The film spends a great deal of time recounting Abercrombie’s endless list of scandals, from the discriminatory hiring practices it maintained to the closet’s worth of racist graphic T-shirts it released. One of the most offensive examples features a faux advertisement for “Wong Brothers Laundry Service,” with the tagline “Two Wongs Can Make It White.” Since this happened before the advent of social media, the shirt’s release led to actual in-person protests—but Abercrombie employees in the doc recount how it passed with barely a slap on the wrist. It quickly became just another punchline, joked about by Tina Fey on SNL’s Weekend Update. It’s almost as if customers expected the brand made for the cool kids to act like the rude, popular high schoolers it dressed.

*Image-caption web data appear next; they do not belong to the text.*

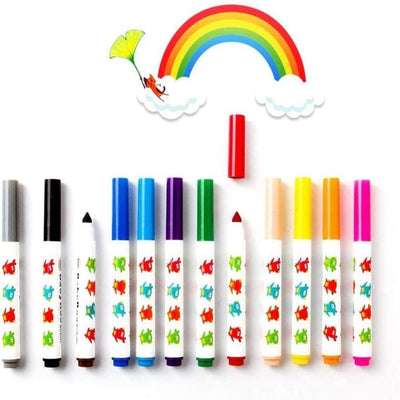 Washable Markers - 48 Colors | Jar Melo by Jar Melo Art & Craft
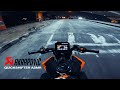 KTM DUKE 390 GEN 3 QUICKSHIFTER ASMR AKRAPOVIC SLIPON BANGALORE MORNING RIDE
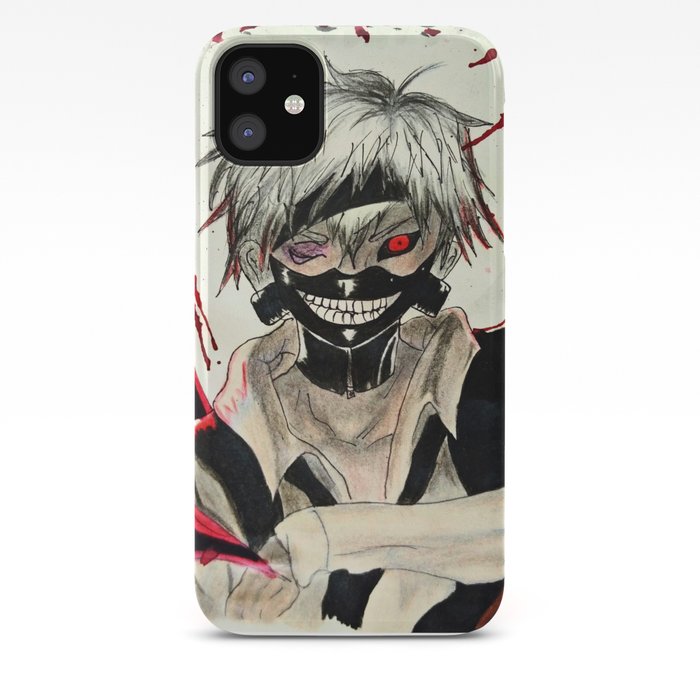 Get Wallpaper Anime Tokyo Ghoul Kaneki Ken Drawing Iphone Case By Shafikul786 For Android Free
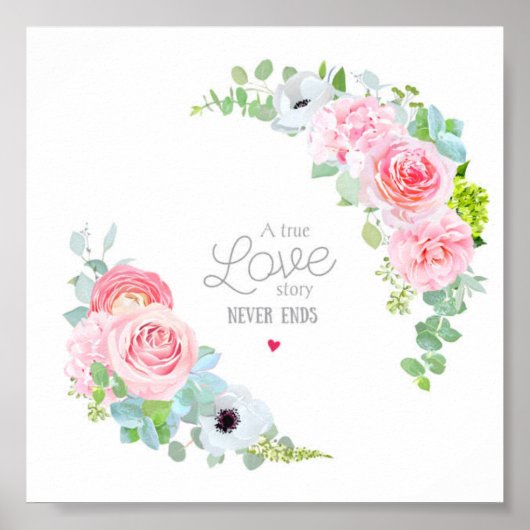 Liefde poster (Voorkant)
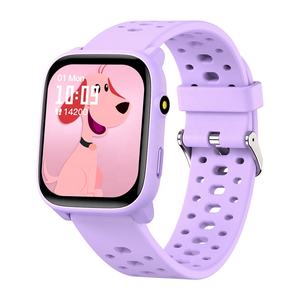 Smartwatch Personalizzabile per Bambini W98 con Download di Quadranti, 12 Giochi, Monitoraggio Frequenza Cardiaca e Sonno, Schermo Touch <span class=keywords><strong>da</strong></span> 1,83 Pollici per Ragazzi e Ragazze - Product Image 1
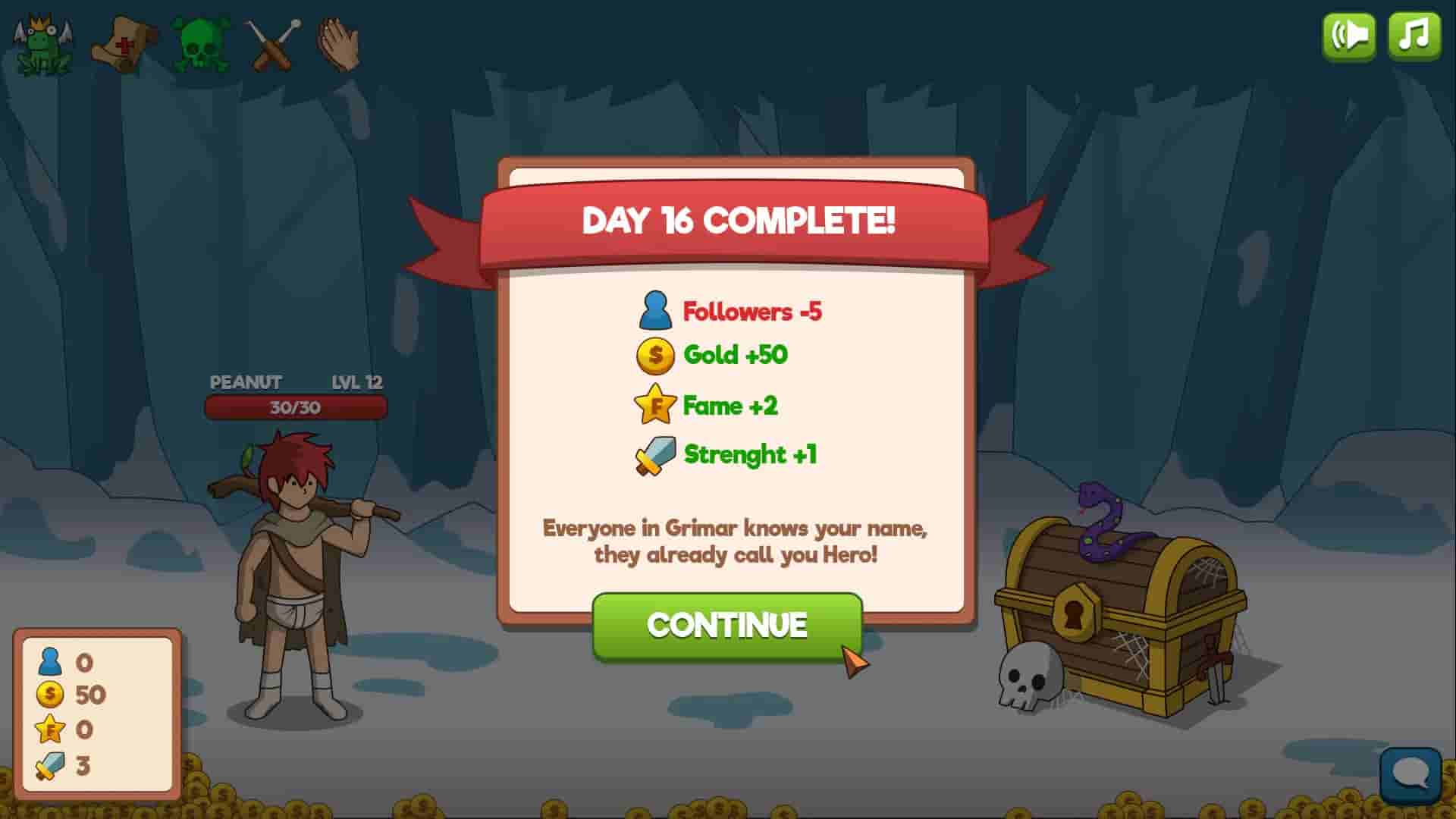 Who Needs a Hero? screenshot thumbnail screenshot 18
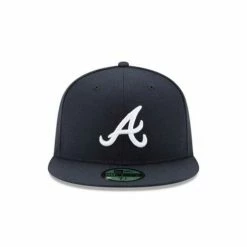 MLB Hats & Caps New Era Atlanta Braves On Field 59Fifty Fitted Hat -Cheap New Era Store unnamed file 2989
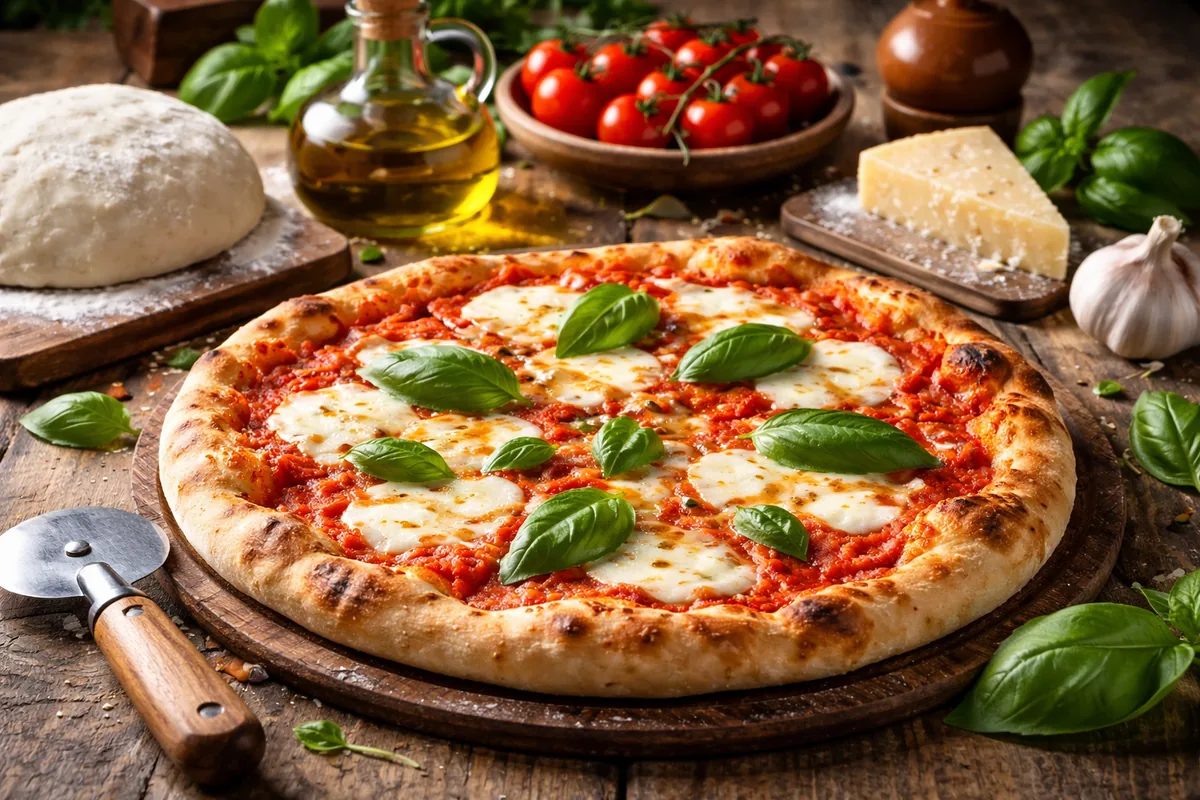 Comment faire une pizza maison avec des astuces de cuisine italienne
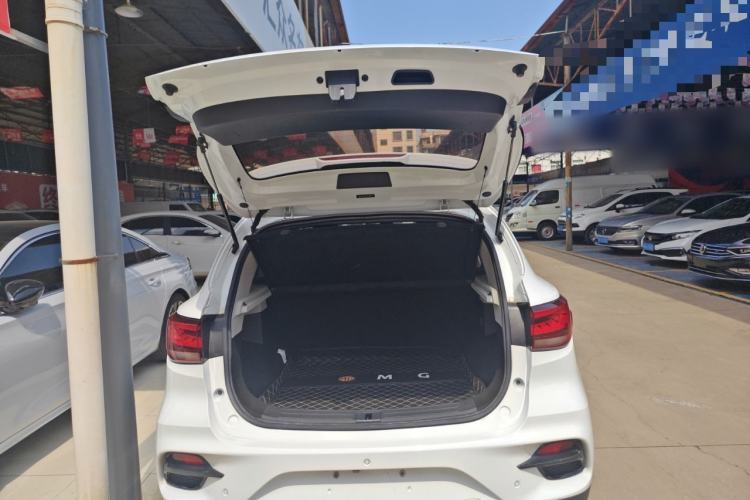 Used MG ZS 2020 180 DVVT Automatic Lite Trunk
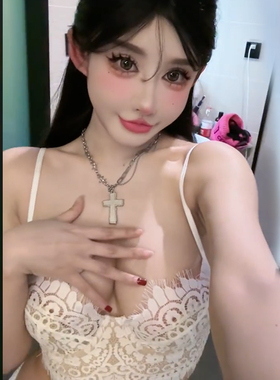 ayra女装2026网红新款性感白色仙气蕾丝吊带内搭外穿少女上衣抹胸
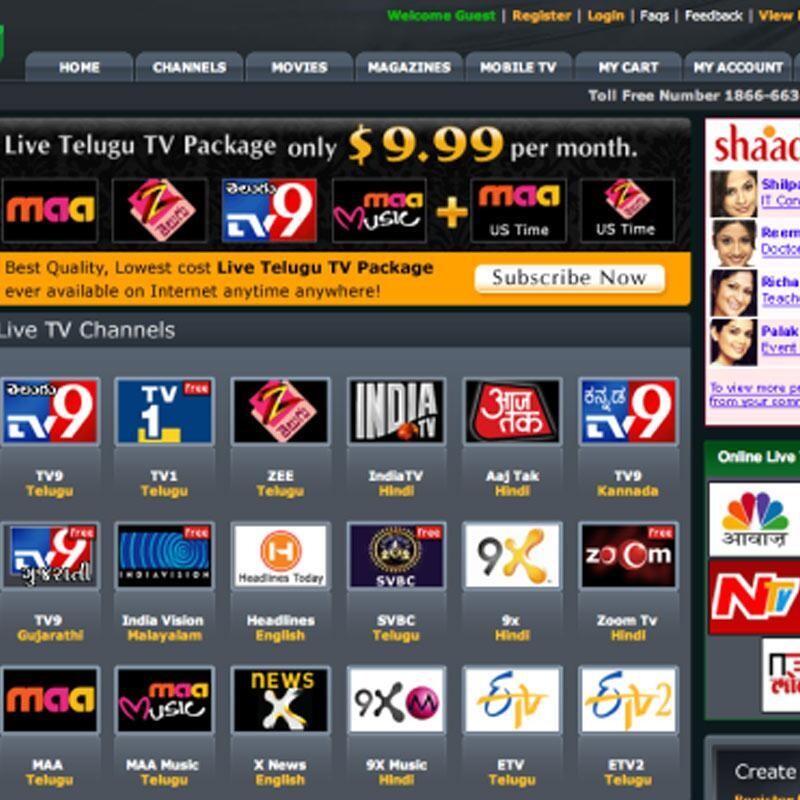 App English News Channel India Today India Web News Channel List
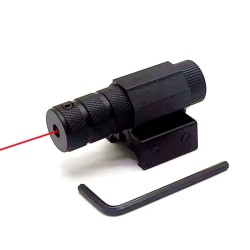 Laser picatinny, aluminium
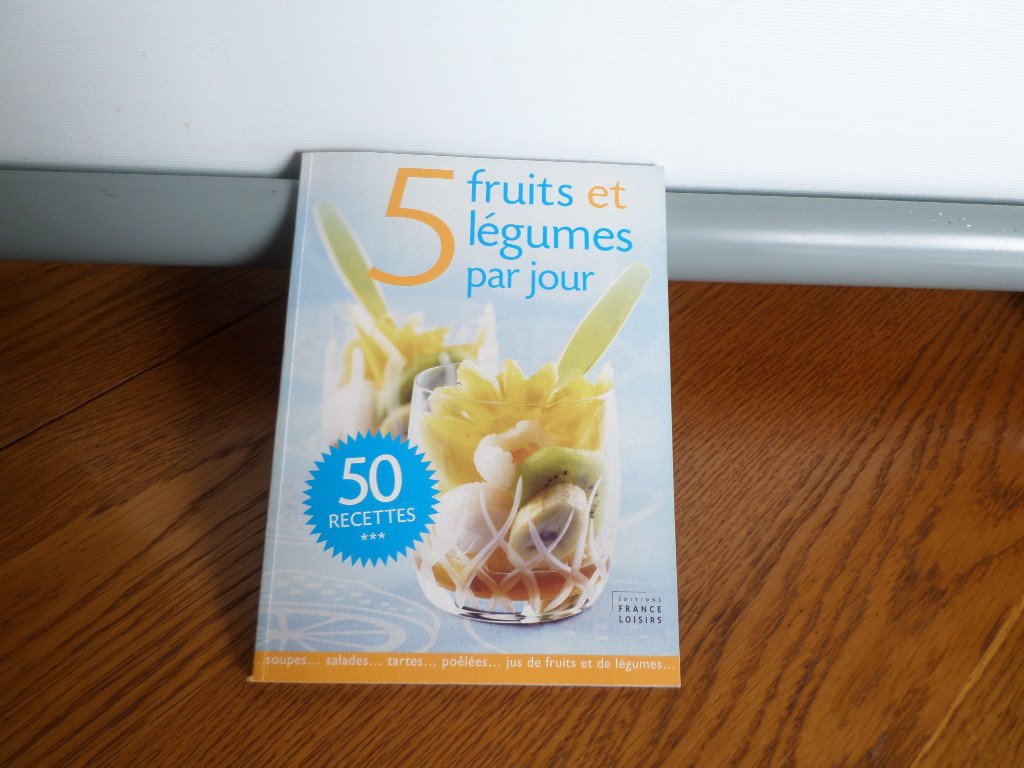 5 Fruits Et Légumes Par Jour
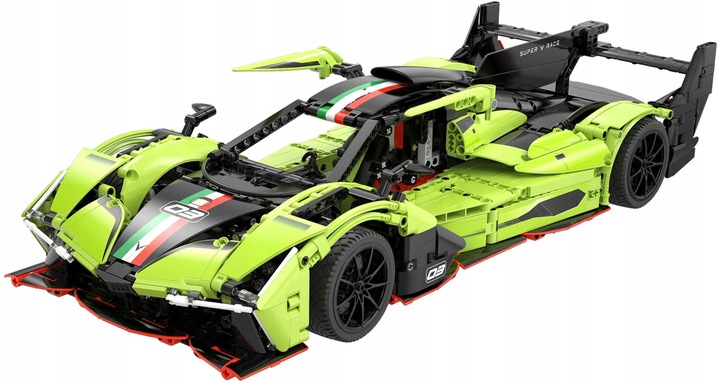 KLOCKI CADA TECHNIC AUTO WYŚCIGOWE PHANTOM WING POJAZD 1817 EL. DUŻE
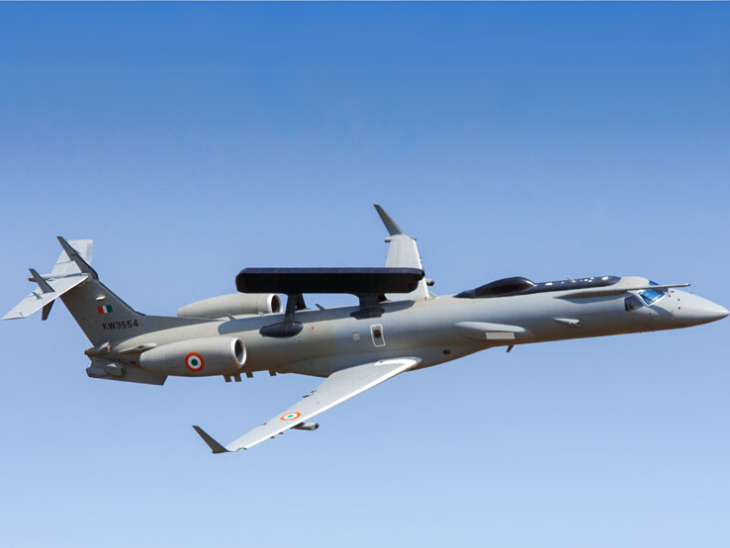 IAF To Get Rs 10,000 Cr I STAR Spy Aircraft From DRDO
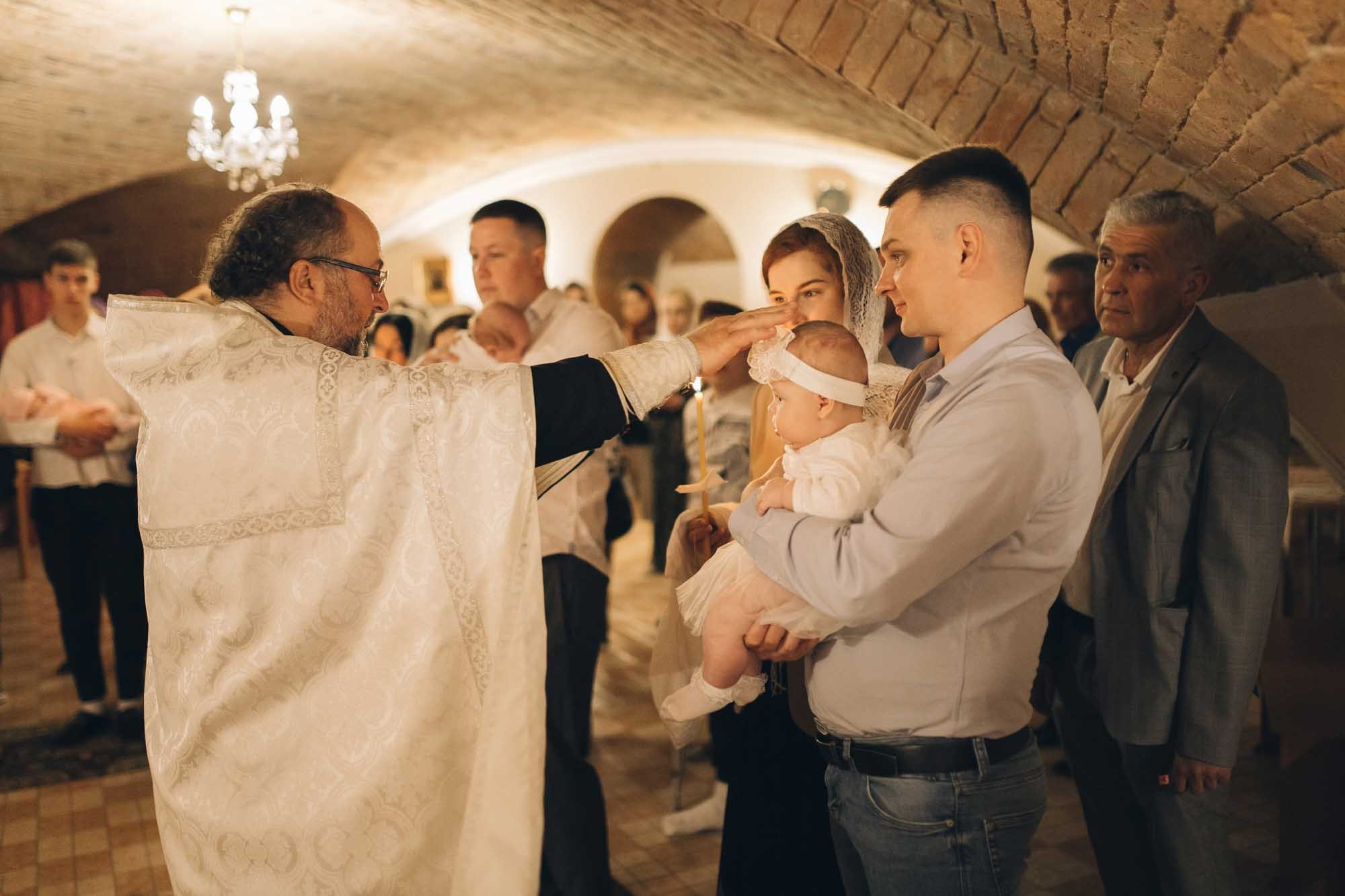 Крещение Софии. Фотограф таинства крещения в Бресте Светлана Будько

White Hot: The Rise & Fall of Abercrombie & Fitch. Mike Jeffries in White Hot: The Rise & Fall of Abercrombie & Fitch. Cr. Courtesy of Netflix © 2022Courtesy of Netflix

No one was more responsible for Abercrombie’s rotted core than its CEO Jeffries. The former employees interviewed in the film credit Jeffries for every decision made in A&F stores, from the way a pair of pants sat on a mannequin to the types of necklaces store employees were allowed to wear. (Gold chains, for instance, were verboten.) But Jeffries’ control extended in darker directions, too. The former CEO was apparently obsessed with keeping the image of the store exclusive and almost entirely white. Unsurprisingly, this policy landed Abercrombie in court several times. The most high-profile case went all the way to the Supreme Court after A&F refused to hire a woman wearing a hijab because it violated the brand’s “look policy.” (Abercrombie lost.) In hindsight,  seemingly more banal corporate activities, too, look shocking: owner Les Wexner was a close associate of Jeffrey Epstein, while Bruce Weber, the photographer responsible for creating A&F’s sensual image, is accused of sexual harassment by the male models he worked with.

One takeaway is that it's surprising that Abercrombie held on as long as it did. The opportunities to “cancel” Abercrombie during its heyday were endless, but consumers lacked the firepower to get it done. One Salon article caused an uproar in 2013—a full seven years after its original publication date. The climate was simply different. “There were probably just as many people as there are now who hated what we were doing, who were completely offended, who didn’t feel included, who didn’t feel represented," one former employee says in the documentary. "But they didn’t have the platform to be able to voice it, and now they do, so maybe it’s not, like, this massive societal new awareness. It's just now we’re hearing everyone and we have to pay attention.” 

What White Hot truly makes clear is that, company culture aside, what Abercrombie accomplished in the ‘90s and 2000s couldn't happen today. Personal style just doesn’t operate that way any longer, with one brand or style able to take such a dominant position. Today, popular retailers like Zara, H&M, and Shein dominate by offering their takes on every possible trend, rather than trying to define a single manner of dress. Outside of the controversies, this is what’s most jarring about White Hot: seeing how much power has been drained from the mall. Retailers like J.Crew or the remade Abercrombie no longer have the authority to prescribe—they’re merely trying to fit in. If Abercrombie used to throw the illest and most exclusive parties, it is now simply trying to be a good friend in hopes of scoring an invite. The current iteration of Abercrombie is repentant. But it’s still serving up a different kind of American fantasy—one with a focus on diversity, inclusivity, and an acceptance of all body types.

It’s not entirely clear who White Hot is for. The documentary plays out like a TikTok explainer, going beat-by-beat through Abercrombie’s endless scandals while pausing to add context around them. But few of these screw-ups, if any, will come as a surprise to practically anyone who went to a mall in the 2000s. Ultimately, the documentary is most successful in the portrait it paints of a brief moment in time when something like Abercrombie could thrive. Luckily, we don’t live in that world anymore.